No obstante, con todo, desde esta perspectiva persiste cierta idea –matizada o franca– de que la guerra, pese a lo que pueda afirmarse acerca de otras posibles rutas de actuación, fue inevitable y se desató por una causa justa. Para los sectores de la derecha, en cambio, se responde en gran medida mediante la minimización o la ocultación de buena parte de la gravedad de los acontecimientos, pero sobre todo se procede a culpabilizar a los dirigentes revolucionarios por el rumbo que siguió el país; se acusa a la dirigencia revolucionaria, desde esta posición, por haber involucrado a los indígenas en una lucha que, en principio, no era suya, sino proveniente de grupos mestizos –principalmente capitalinos con formación político-filosófica–, y por otro lado se señala que hubo ineptitud de los guerrilleros en la protección de sus simpatizantes y bases de apoyo.
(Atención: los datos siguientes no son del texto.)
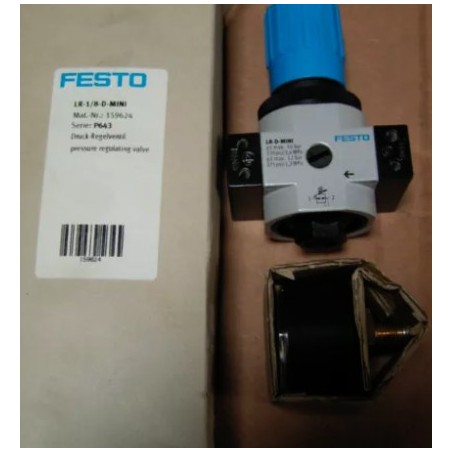 Festo LR-1/8-D-MINI Pressure Regulator – Specifications and Pricing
En consonancia con lo anterior, se subraya que los cuatro relatos abordados en este trabajo –uno de ellos desde una perspectiva fáctica (el informe militar) y los otros tres desde la ficción (novela y cuento)– establecen ejes axiológicos en el curso de su representación verbal. Y se advierte en realidad que todos los textos aquí citados o comentados –sean narrativos o argumentativos– poseen poderosos polos éticos, más allá de su origen genérico o disciplinario. Porque tanto la ficción, la historia y la ensayística no sólo representan, registran o enfocan la realidad, sino que la califican y la juzgan. De ahí la pertinencia de un ejercicio de refiguración cruzada –en términos de Paul Ricoeur– como el que se ha propuesto. Ello en correspondencia con Werner Mackenbach, que apunta: “Son entonces estas tres instancias –memoria, historia y literatura (ficción)– y las relaciones entre pasado, memoria y futuro cuyo carácter conflictivo, contradictorio y a veces violento configura y determina los desafíos y límites de los trabajos y narrativas de la memoria y tienen fuertes repercusiones genéricas en los textos mismos, convirtiéndolos en campos de conflicto.” (Mackenbach, 2014, p. 16) El producto de tales dinámicas desemboca fundamentalmente en las batallas por la memoria que, insistimos, se desarrolla en un plano ético-histórico y cuya consecuencia principal consiste en la configuración de las distintas perspectivas que se intenta implantar, para las generaciones futuras, respecto a la versión predominante de los hechos. Una tarea que, en efecto, se encuentra viva y en marcha.